**Data extracts:**
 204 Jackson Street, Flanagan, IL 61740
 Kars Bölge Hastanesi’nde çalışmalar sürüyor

...

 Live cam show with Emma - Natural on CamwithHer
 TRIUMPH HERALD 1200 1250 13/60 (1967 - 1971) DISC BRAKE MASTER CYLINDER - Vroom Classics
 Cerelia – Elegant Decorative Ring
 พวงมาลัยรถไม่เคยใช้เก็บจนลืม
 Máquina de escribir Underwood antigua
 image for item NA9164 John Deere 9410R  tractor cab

**Exercise directions:**
Copy the records above exactly, beginning at the line that contains "Máquina de escribir Underwood antigua" and stopping after the line that contains "image for item".

**Solution to this task:**
 Máquina de escribir Underwood antigua
 image for item NA9164 John Deere 9410R  tractor cab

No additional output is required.